- **WHAT YOU SHOULD DO**:
Transcribe the data exactly, pictures excluded.

- **DATASET EXTRACT**:
◆ ◆ ◆
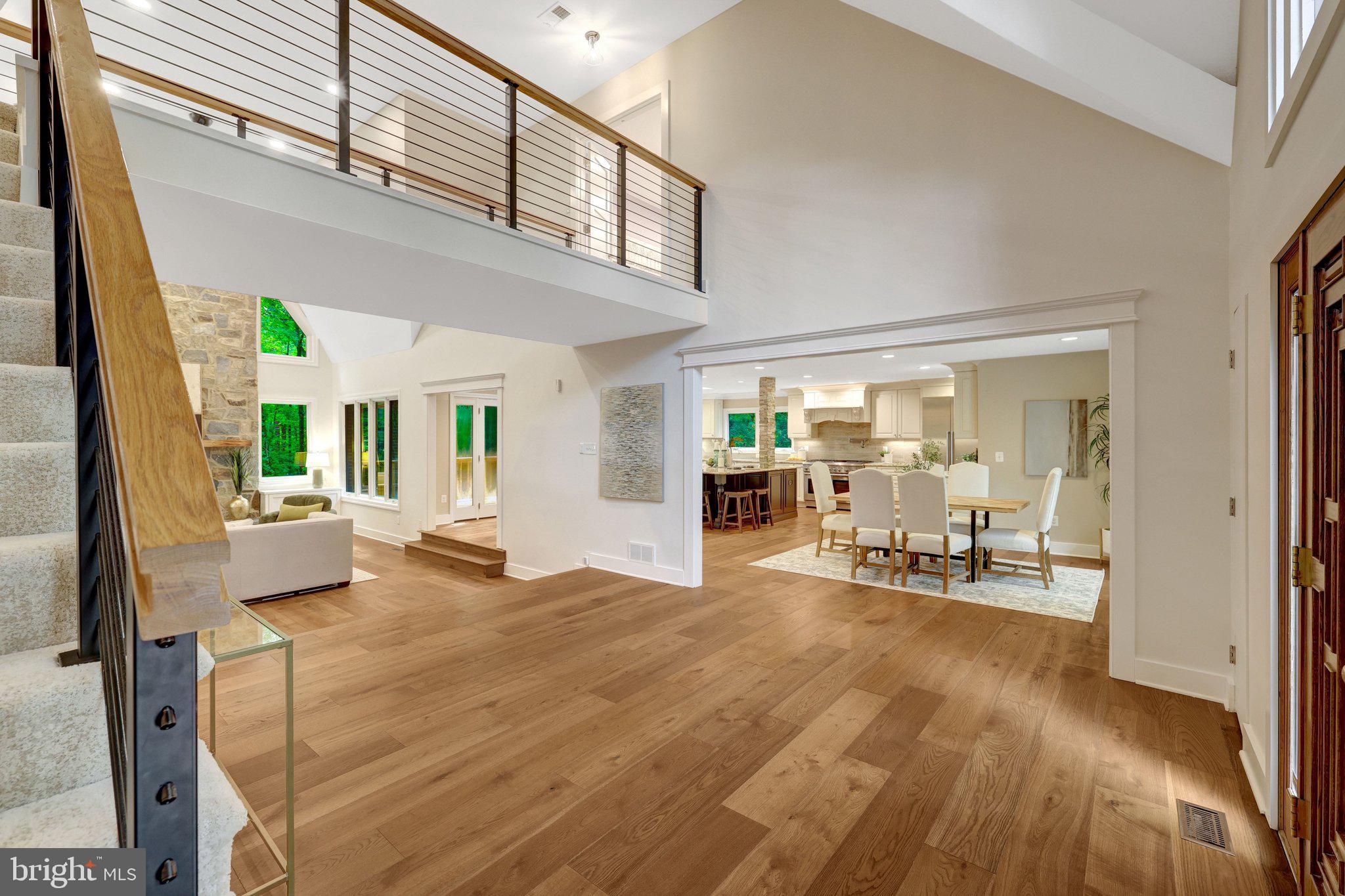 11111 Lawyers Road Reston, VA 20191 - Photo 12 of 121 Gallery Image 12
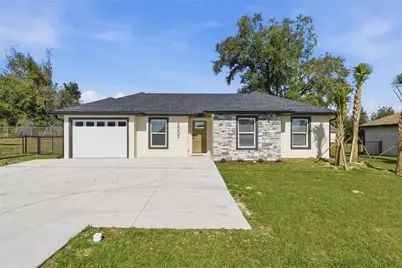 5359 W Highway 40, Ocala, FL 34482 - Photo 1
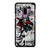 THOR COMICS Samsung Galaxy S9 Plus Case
◆ ◆ ◆
- **EXERCISE RESULT**:
 11111 Lawyers Road Reston, VA 20191 - Photo 12 of 121 Gallery Image 12
 5359 W Highway 40, Ocala, FL 34482 - Photo 1
 THOR COMICS Samsung Galaxy S9 Plus Case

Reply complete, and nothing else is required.